To the extent necessary, s 6 of the New Zealand Settlement Acts Amendment Act would validate the Order in Council and save it from any consequences of the omission of a reference to “a considerable number thereof”.

Issue four: Did either or both the Waiuku Deed and Confiscation breach a fiduciary duty to consider and protect the interests of Ngāti Te Ata, or any other equitable duty?

Held:  No. 

The evidence does not establish that the terms of the Waiuku Deed were unfair, nor that the Ngāti Te Ata vendors who signed it did so other than voluntarily and as authoritative representatives of the iwi.  The case lacks any of the elements that contributed to the findings of the existence of fiduciary duties in Proprietors of Wakatū v Attorney-General [2017] NZDC 17, [2017] 1 NZLR 423 or Guerin v R [1984] 2 SCR 335.  The Crown never assumed a responsibility towards the vendors, nor was the Crown under any obligation to protect their interests in a way not satisfied by the provision of fair value for the land.  The transaction represented by the Waiuku Deed cannot be characterised as the extinguishment of Māori property rights by less than fair conduct or on less than fair terms.  Therefore, this is also not a case of the kind contemplated by Elias CJ in Paki v Attorney-General (No 2) [2014] NZSC 118, [2015] 1 NZLR 67 where there could be a presumption of undue influence.  The Waiuku Deed was thus not procured by the Crown in breach of a fiduciary or other equitable duty owed to Ngāti Te Ata. 
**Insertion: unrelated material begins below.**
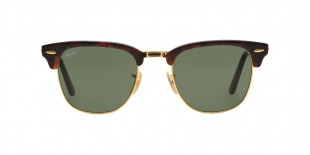 Ray-Ban RB2176 990 عینک آفتابی ریبن کلاب مستر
Considering the Waiuku Deed and confiscation together, it is not possible to characterise the Crown’s actions taken for the perceived benefit of the public generally and the majority of Ngati Te Ata as a breach of fiduciary duty on the basis of the relevant authorities which are discussed in the judgment.  The appropriate forum for advancing grievances about the events of the 19th century is the Waitangi Tribunal, which has specific jurisdiction to inquire into claims that Māori have been prejudicially affected by Acts of Parliament passed, orders and proclamations made and policies adopted by the Crown at any time after 6 February 1840.

SUBSTANTIVE ISSUES – THE 1939 AND 1959 TAKINGS AND ISSUE OF THE LICENCE

Issue one:  Were the takings of the wāhi tapu under the Public Works Act 1928 and the inclusion of the wāhi tapu in the mining licence issued under the Iron and Steel Industry Act 1959 unlawful on the basis that the Crown failed to consider the special status of the land?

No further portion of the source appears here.